PolskaCzy kupiłbyś pączki w Cukierni pod Trumienką?

Czy kupiłbyś pączki w Cukierni pod Trumienką?

Cukiernię w starej kamienicy przy ul. Curie-Skłodowskiej 51 we Wrocławiu zna chyba każdy mieszkaniec okolicy. Świeżymi pączkami z różaną konfiturą przyciąga od początku lat sześćdziesiątych. Przez lata zakład frapował nie tylko smakiem, ale i nazwą. Działał bowiem pod szyldem "Cukiernia pod Trumienką" - ze względu na sąsiedztwo zakładu pogrzebowego.

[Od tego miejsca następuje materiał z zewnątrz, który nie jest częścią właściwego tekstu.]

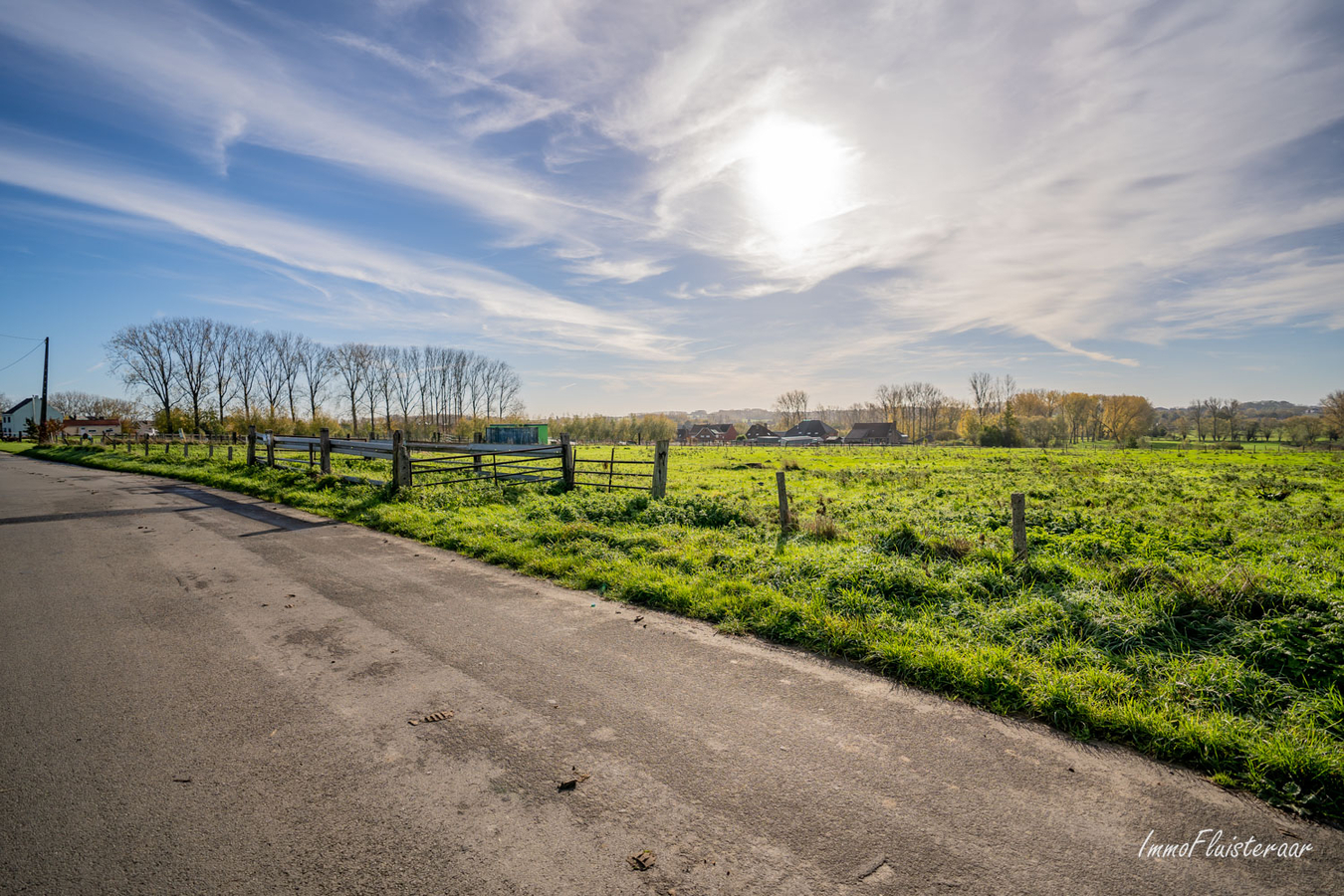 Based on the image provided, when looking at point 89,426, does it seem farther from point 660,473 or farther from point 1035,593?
point 1035,593

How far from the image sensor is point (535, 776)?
310cm

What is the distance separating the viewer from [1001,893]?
234cm

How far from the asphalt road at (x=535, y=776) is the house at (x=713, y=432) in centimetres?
11640

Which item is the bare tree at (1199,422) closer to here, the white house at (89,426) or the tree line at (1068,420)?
the tree line at (1068,420)

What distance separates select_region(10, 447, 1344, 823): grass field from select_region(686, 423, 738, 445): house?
111 meters

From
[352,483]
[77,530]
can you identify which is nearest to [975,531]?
[352,483]

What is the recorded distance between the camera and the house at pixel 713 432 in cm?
12438

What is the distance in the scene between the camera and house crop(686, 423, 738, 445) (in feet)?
408

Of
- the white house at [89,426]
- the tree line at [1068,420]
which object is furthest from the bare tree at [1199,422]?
the white house at [89,426]

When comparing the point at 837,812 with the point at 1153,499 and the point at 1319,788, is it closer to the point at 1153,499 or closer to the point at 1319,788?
the point at 1319,788

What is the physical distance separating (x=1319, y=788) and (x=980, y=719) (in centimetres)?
162

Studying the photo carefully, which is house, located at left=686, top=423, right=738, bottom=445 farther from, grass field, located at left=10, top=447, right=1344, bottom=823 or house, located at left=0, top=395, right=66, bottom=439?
house, located at left=0, top=395, right=66, bottom=439

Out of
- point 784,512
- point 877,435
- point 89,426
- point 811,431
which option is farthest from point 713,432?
point 784,512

05.01.2010 | aktual.: 05.01.2010 10:15

- Cukierni z taką nazwą nie miało żadne miasto w Polsce - uśmiecha się Teresa Jakimowska, emerytka, która mieszka przy ul. Grunwaldzkiej, ale w cukierni już od kilkunastu lat kupuje czasem eklerki. - A jak ktoś pytał, mówiło się, że się idzie do "Trumienki", i każdy wiedział, że to zakład na Curie-Skłodowskiej, a nie nigdzie indziej.

Choć cukiernia wciąż istnieje, od kilkunastu lat już nie nosi tej nazwy. - W 1997 r., przed Kongresem Eucharystycznym, zaczął się remont elewacji kamienicy i musieliśmy zdjąć szyld - wspomina Waldemar Matra, pracownik cukierni. - A potem na taką nazwę nie chciała się już zgodzić administracja i mieszkańcy kamienicy.

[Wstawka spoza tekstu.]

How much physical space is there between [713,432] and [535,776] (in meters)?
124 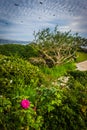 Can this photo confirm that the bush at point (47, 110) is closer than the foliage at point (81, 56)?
Yes

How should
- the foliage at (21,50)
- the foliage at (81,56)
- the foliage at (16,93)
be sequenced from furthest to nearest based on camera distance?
the foliage at (81,56), the foliage at (21,50), the foliage at (16,93)

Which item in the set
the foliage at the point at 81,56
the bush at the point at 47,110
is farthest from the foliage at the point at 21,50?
the bush at the point at 47,110

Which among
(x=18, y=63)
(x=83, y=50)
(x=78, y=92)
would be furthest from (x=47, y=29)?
(x=78, y=92)

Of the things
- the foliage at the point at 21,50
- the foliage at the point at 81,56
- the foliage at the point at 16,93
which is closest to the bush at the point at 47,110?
the foliage at the point at 16,93

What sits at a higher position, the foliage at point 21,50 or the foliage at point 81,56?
the foliage at point 21,50

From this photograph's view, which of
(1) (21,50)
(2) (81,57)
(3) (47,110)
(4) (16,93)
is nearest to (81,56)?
(2) (81,57)

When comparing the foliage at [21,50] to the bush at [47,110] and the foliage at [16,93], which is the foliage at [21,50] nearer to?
the foliage at [16,93]

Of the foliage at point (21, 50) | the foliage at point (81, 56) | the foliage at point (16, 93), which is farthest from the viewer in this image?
the foliage at point (81, 56)

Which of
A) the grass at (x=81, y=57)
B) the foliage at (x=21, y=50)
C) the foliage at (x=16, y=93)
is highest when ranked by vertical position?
the foliage at (x=16, y=93)

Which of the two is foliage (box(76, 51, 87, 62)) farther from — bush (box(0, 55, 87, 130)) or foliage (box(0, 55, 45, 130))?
bush (box(0, 55, 87, 130))

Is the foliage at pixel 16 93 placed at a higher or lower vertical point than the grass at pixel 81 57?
higher

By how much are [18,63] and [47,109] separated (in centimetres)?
323

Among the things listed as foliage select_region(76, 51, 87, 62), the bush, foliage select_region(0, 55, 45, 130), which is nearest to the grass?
foliage select_region(76, 51, 87, 62)

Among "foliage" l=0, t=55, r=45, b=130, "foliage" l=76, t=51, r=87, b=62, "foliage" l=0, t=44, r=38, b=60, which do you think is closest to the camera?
"foliage" l=0, t=55, r=45, b=130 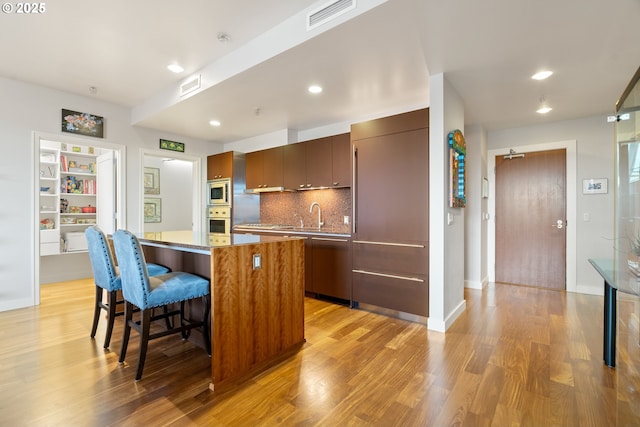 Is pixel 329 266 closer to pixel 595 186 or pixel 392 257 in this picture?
pixel 392 257

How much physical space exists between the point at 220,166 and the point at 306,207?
1.87 m

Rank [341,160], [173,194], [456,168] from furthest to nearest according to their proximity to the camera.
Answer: [173,194]
[341,160]
[456,168]

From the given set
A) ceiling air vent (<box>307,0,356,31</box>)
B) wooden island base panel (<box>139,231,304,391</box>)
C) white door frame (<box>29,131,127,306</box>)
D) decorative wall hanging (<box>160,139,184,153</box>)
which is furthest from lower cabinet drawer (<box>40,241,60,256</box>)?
ceiling air vent (<box>307,0,356,31</box>)

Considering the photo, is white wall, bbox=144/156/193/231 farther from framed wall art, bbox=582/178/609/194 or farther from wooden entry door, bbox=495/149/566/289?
framed wall art, bbox=582/178/609/194

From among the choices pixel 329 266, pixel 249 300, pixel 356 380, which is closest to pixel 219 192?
pixel 329 266

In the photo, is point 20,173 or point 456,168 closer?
point 456,168

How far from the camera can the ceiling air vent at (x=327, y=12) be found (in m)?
2.03

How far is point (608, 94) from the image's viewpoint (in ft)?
10.8

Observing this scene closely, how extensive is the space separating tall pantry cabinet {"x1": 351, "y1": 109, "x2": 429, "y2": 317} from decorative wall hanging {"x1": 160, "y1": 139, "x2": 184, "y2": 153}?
11.0 feet

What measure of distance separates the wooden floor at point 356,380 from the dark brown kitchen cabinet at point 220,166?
306cm

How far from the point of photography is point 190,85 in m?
3.41

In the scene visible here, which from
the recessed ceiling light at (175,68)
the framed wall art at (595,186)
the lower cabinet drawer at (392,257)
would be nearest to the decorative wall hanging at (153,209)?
the recessed ceiling light at (175,68)

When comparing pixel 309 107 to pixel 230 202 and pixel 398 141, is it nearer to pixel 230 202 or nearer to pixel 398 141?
pixel 398 141

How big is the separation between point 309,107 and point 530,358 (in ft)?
11.5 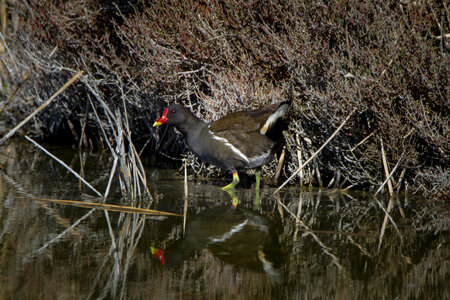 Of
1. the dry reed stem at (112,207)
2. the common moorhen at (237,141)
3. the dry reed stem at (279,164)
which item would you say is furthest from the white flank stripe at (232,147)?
the dry reed stem at (112,207)

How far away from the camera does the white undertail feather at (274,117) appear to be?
569 cm

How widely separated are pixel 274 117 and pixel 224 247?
6.10 feet

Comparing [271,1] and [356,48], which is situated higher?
[271,1]

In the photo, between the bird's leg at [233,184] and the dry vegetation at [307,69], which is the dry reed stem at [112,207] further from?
the bird's leg at [233,184]

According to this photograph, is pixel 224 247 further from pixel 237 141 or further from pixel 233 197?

Zakład działał więc przez krótki czas jako "Cukiernia pod Zajączkiem", od nazwiska właścicielki, Izabeli Zając. A teraz jest już po prostu "Cukiernią".

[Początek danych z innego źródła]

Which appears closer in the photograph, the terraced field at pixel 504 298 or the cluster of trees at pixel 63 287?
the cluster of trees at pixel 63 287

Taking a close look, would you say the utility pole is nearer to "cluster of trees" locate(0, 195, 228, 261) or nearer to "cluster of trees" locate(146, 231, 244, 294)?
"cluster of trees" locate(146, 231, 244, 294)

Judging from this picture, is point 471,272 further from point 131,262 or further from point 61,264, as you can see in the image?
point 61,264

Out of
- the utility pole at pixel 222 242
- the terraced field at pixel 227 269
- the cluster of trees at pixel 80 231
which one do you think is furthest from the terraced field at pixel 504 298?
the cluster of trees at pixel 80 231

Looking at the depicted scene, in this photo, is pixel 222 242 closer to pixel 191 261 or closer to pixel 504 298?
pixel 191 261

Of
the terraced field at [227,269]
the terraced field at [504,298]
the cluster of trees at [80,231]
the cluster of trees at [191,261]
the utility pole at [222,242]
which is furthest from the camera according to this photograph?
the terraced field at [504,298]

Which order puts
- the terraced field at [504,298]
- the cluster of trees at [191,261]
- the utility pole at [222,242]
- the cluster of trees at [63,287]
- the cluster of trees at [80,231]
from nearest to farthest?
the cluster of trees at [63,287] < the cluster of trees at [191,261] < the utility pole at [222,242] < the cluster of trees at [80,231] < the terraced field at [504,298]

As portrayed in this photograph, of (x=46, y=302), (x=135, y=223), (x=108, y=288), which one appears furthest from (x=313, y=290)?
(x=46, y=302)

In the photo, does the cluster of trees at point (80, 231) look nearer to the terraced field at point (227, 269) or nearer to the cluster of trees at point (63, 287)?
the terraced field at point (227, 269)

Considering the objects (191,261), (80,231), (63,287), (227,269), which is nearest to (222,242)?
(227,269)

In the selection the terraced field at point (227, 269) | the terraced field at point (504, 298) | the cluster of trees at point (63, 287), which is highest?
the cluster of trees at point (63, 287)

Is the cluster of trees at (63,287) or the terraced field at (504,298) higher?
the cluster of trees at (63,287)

Jaka nazwa - Curie-Skłodowskiej czy Skłodowskiej-Curie?
Wielu wrocławian ma wątpliwości, która z form jest poprawna. Rozwiewa je prof. Bernard Jancewicz z komisji nazewnictwa ulic Towarzystwa Miłośników Wrocławia. - Poprawna forma to Curie-Skłodowskiej - tłumaczy. - Na całym świecie słynna Polka znana jest pod nazwiskiem Curie, dlatego zdecydowaliśmy, że to ten człon będzie w nazwie występował jako pierwszy. W Polsce jest jeszcze drugi zwyczaj, związany z dwuczłonowymi nazwiskami - krótsze nazwisko występuje zazwyczaj jako pierwsze. Dlatego mamy ul. Grota-Roweckiego czy Bora-Komorowskiego.